Il primo punto è che i media sardi non riescono a raccontare ciò che con grande evidenza era sui giornali italiani nei giorni scorsi: il Mezzogiorno e le Isole sono in recessione cronica. Due milioni di persone hanno lasciato il Sud negli ultimi dieci anni. Non si rimedia a questo esodo biblico con i pannicelli caldi della rassicurazione democristiana o con l’anglobrittanismo darwinista alla Pigliaru (junior), cioè con l’applicazione meccanica nell’isola delle ricette della London School of Economics. O si cambia il sistema dei poteri, il sistema fiscale, il sistema dei trasporti, o l’Isola si svuoterà
I paesi dell’interno si stanno svuotando a un ritmo molto più sostenuto di quanto accadeva nel passato e ciò accade per i privilegi strutturali, amministrativi e dei servizi di cui godono le poche città sarde. Le Lannou lo aveva detto fin dagli anni Sessanta del secolo scorso, ma siccome è ormai possibile laurearsi senza studiare, si continua a ignorare che questo è il problema strutturale della Sardegna.

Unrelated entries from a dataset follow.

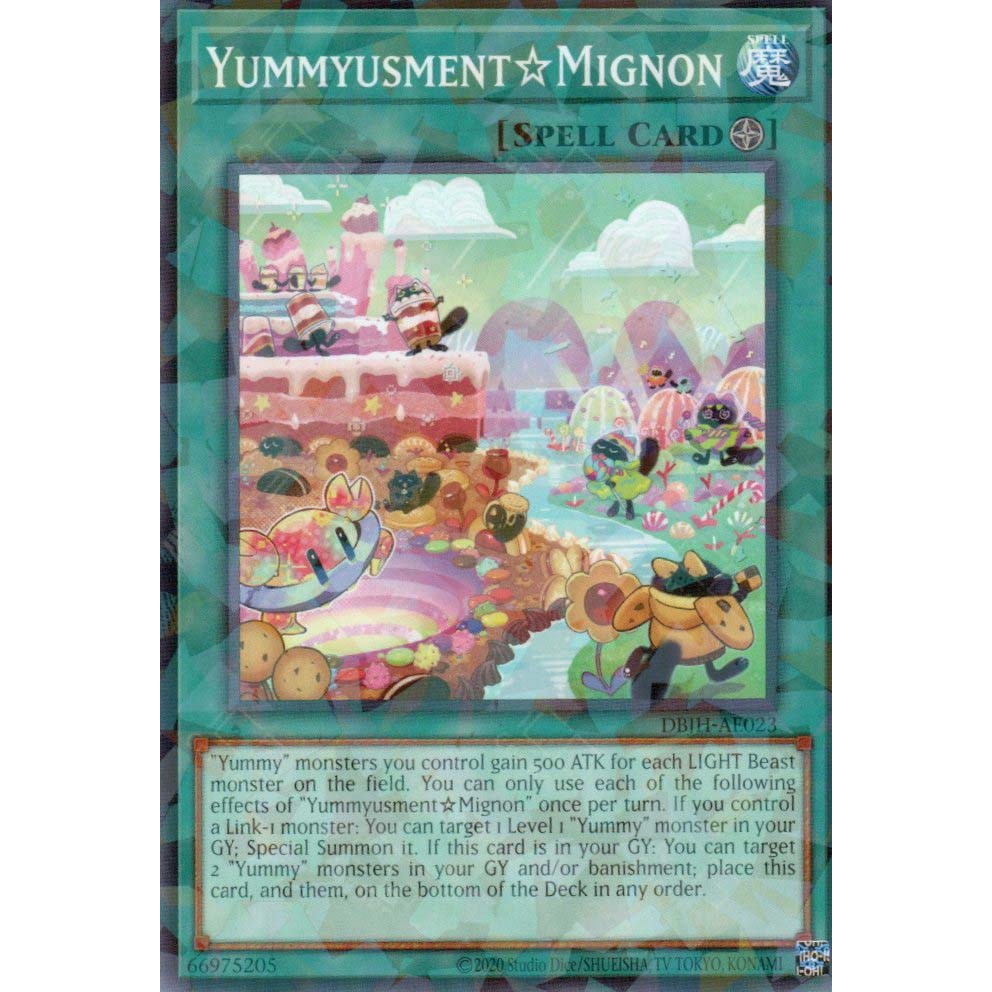 การ์ด Yugioh! - DBJH-AE023 - Yummyusment Mignon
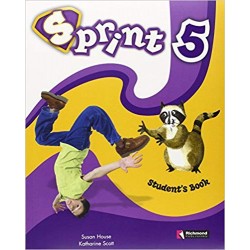 Sprint 5 Student's Book & CD & Cut-Outs 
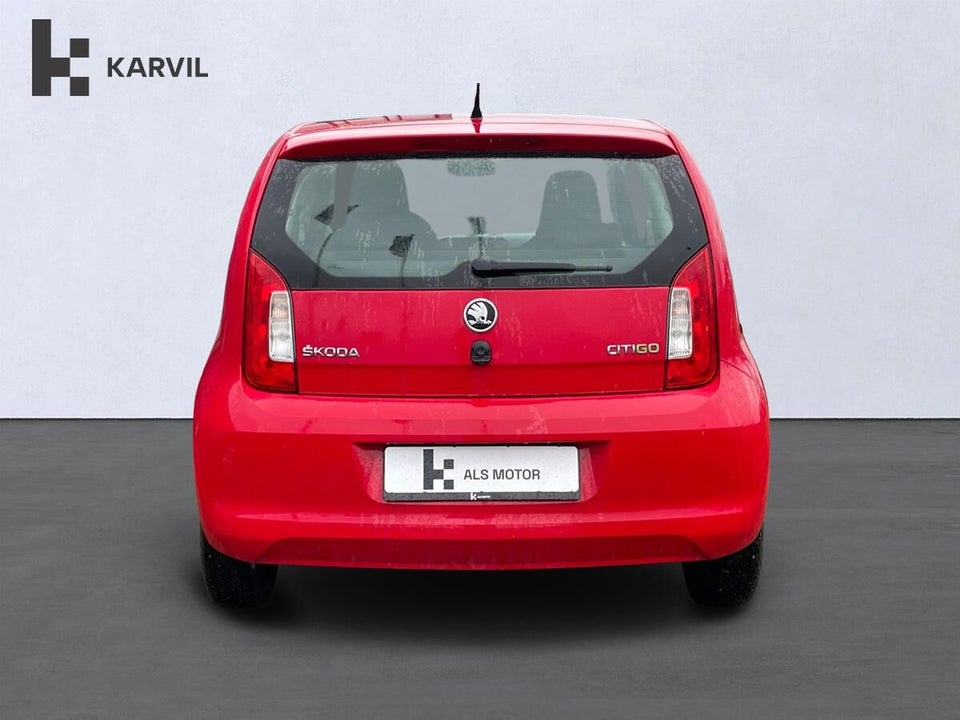 Skoda Citigo 1,0 60 Active GreenTec 3d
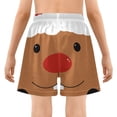 thumbnail image 5 of joogoo Cute Deer Face Boys Swim Trunks Beach Swimsuit Shorts Boxer 5-6T, 5 of 8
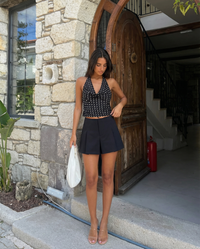 Nancy | pleated shorts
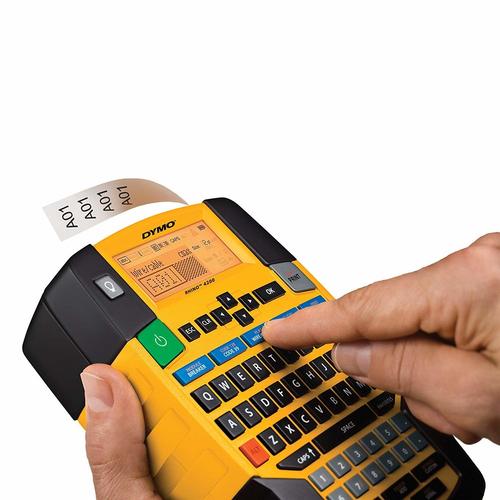 DYMO Rhino 4200 labelprinter Thermo transfer Draadloos QWERTY - Image 6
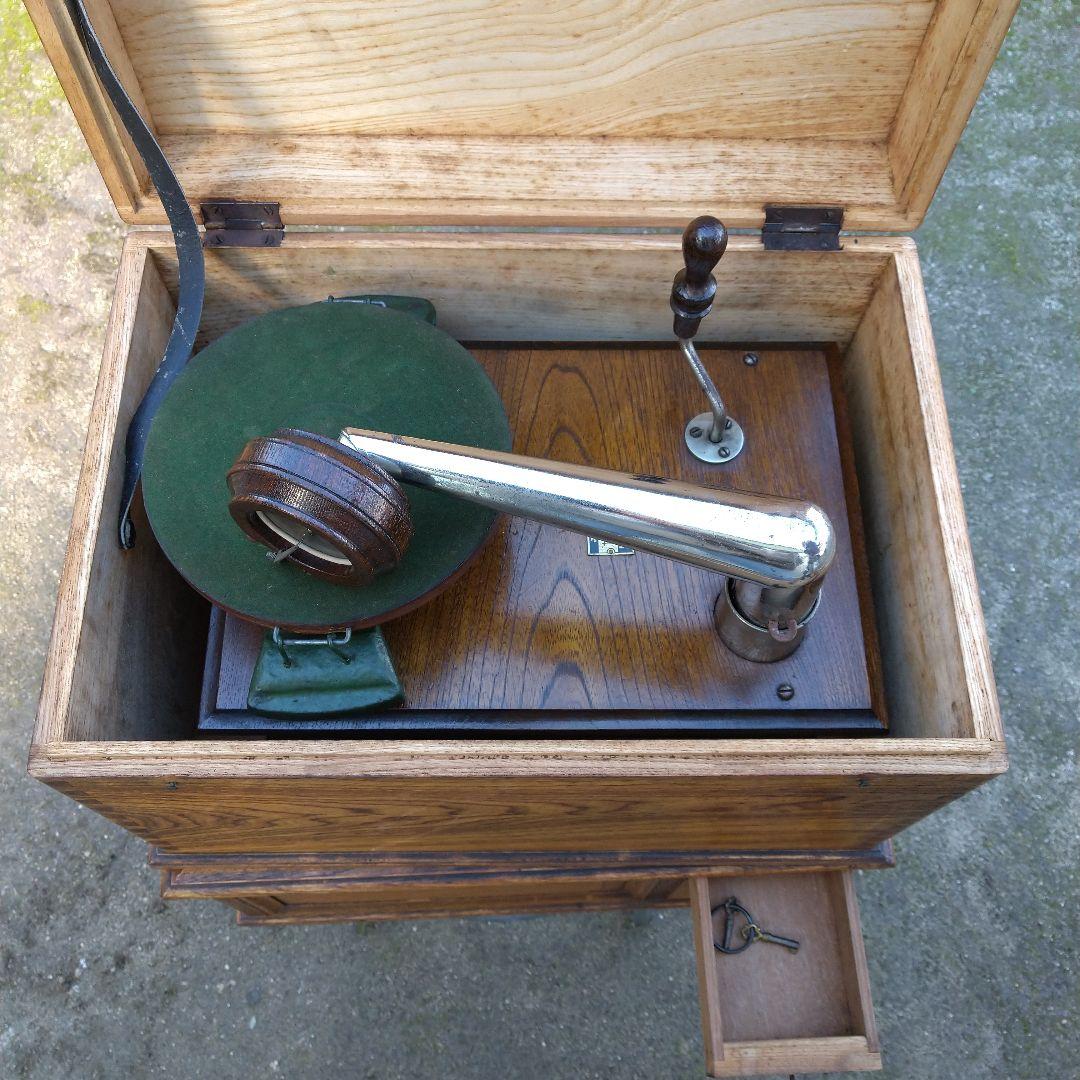 蓄音機  (クトウ蓄音機)  美品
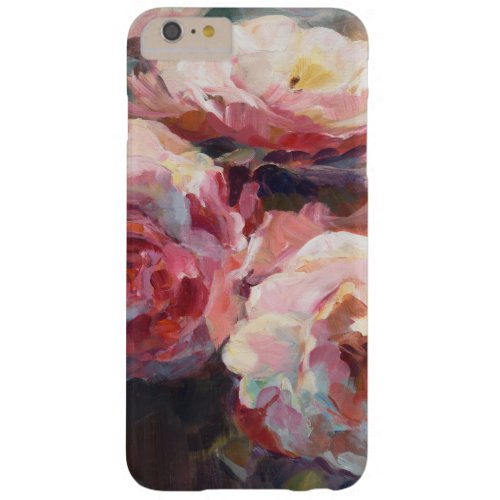Wild Pink Roses Barely There iPhone 6 Plus Case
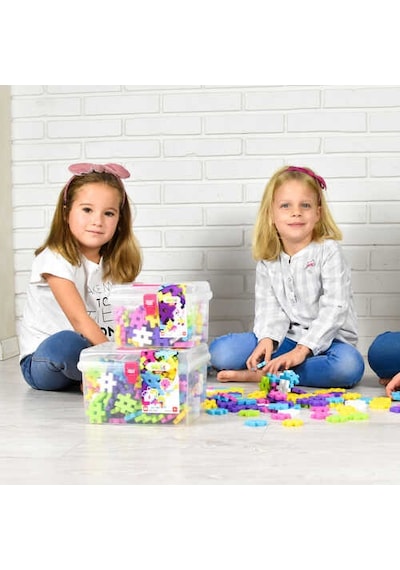 Meli Maxi Pink Travel Box 230 Parça Blok Seti 50416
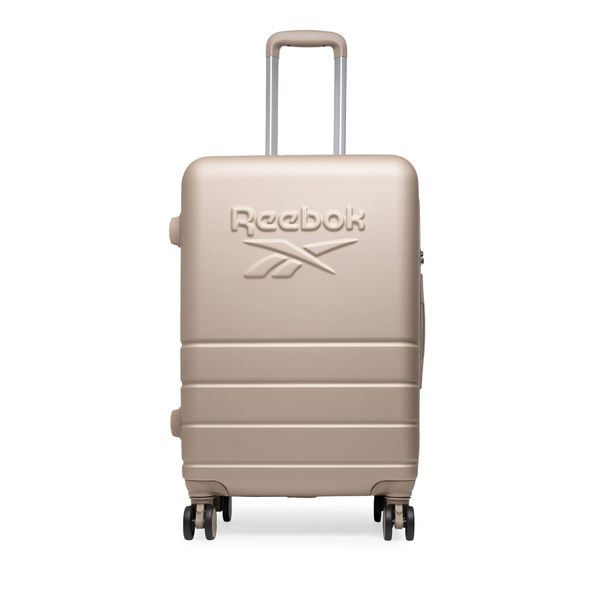 Reebok Srednji tvrdi kofer Reebok RBK-WAL-011-CCC-M Bež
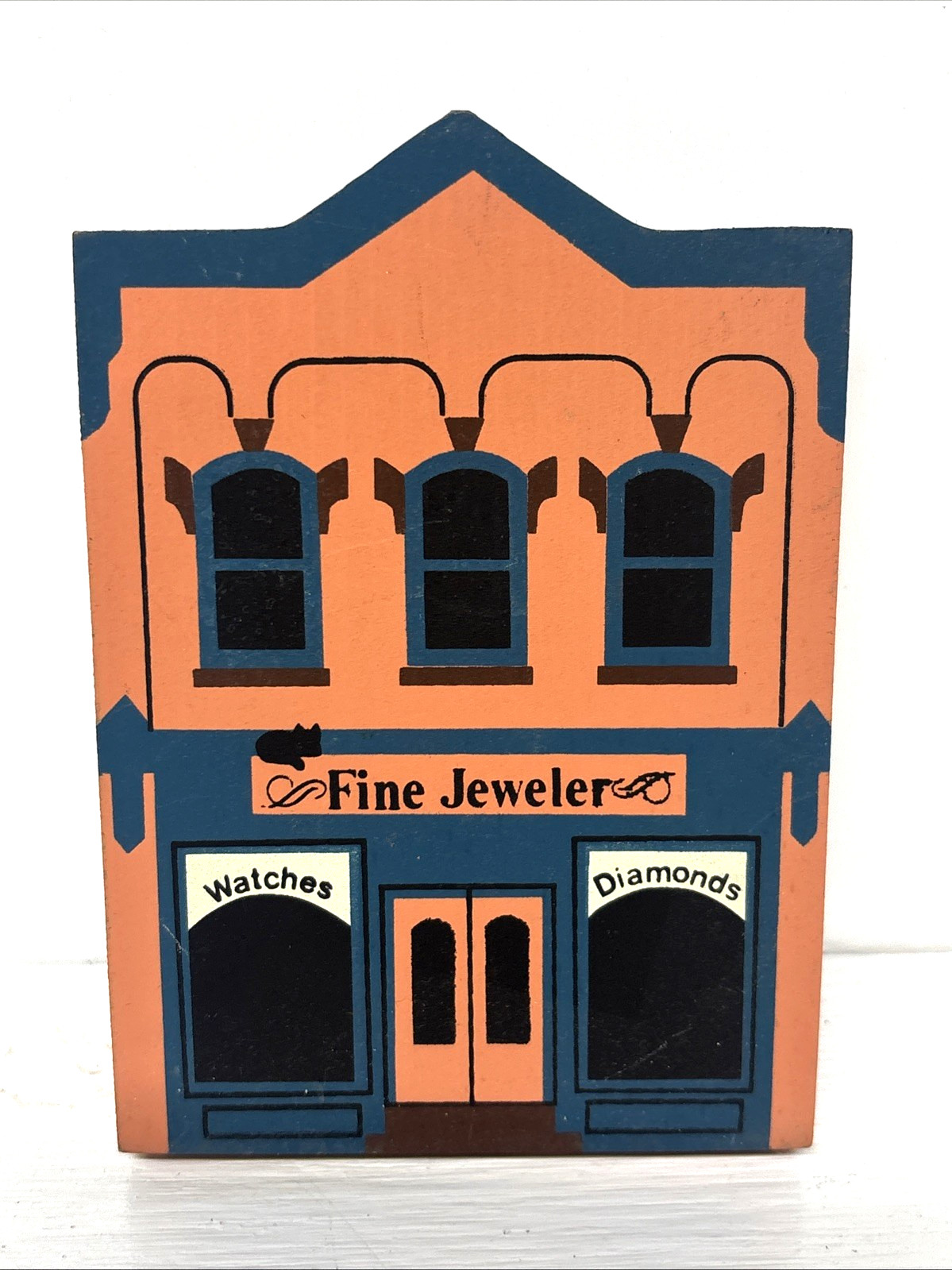 The Cat’s Meow 1985 Fine Jeweler Shop Series III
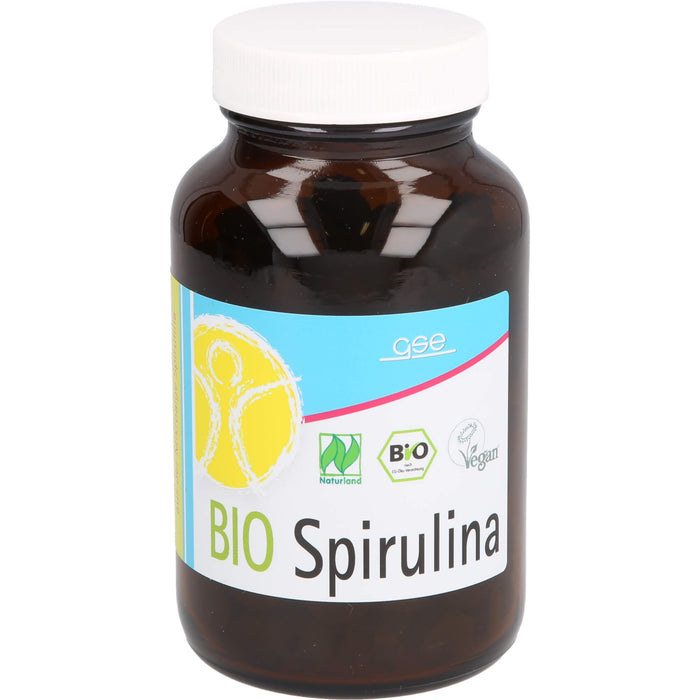 GSE Spirulina 500mg Bio Naturland, 240 St. Tabletten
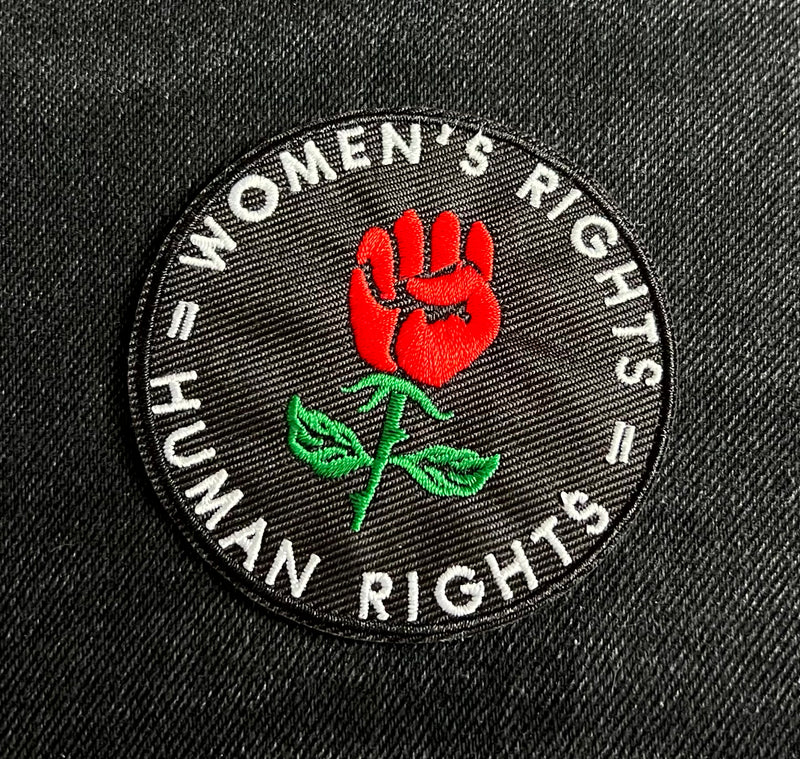 Women's Rights = Human Rights Patch
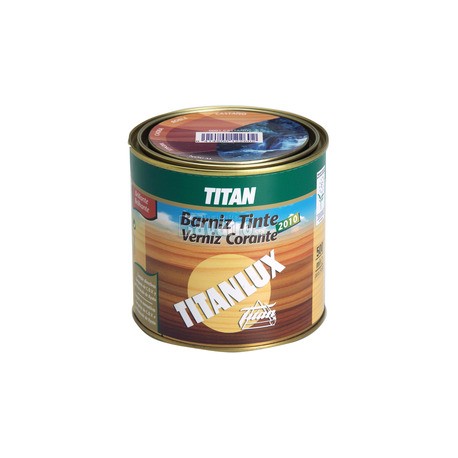 BOTE 500ML BARNIZ TINTE TECA TX2010 TITANL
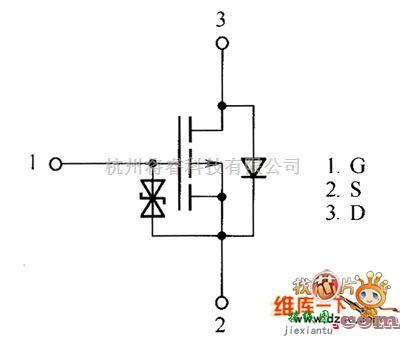 综合电路中的RSR025P03、RSU002P03内部电路图  第1张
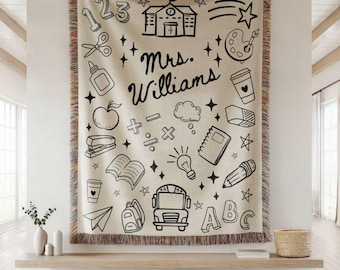 Custom Teacher Gift,Teacher appreciation gift,Custom Gift For Teacher,Personalized Teacher gift,Gift From Student,Unique teacher gift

L’Eurallumina sta al Sulcis come l’Ilva sta a Taranto. Eppure, la vertenza gode della sola atttenzione di un giorno. Tutte le politiche energetiche finalizzate all’industria sono fallite. L’unica politica energetica che sopravvive è quella che era stata pensata, e solo in parte realizzata anche dal sottoscritto grazie al lavoro del professor Damiano, contro le politiche di Enel e di Terna. Ma si è tornati indietro, si è tornati in ginocchio a chiedere pietà.
Oggi, con toni trionfalistici sulla Nuova e un po’ più prudenti sull’Unione si pre-annuncia la fine della vertenza Entrate, che dovrebbe però essere richiamata ‘vertenza accantonamenti’.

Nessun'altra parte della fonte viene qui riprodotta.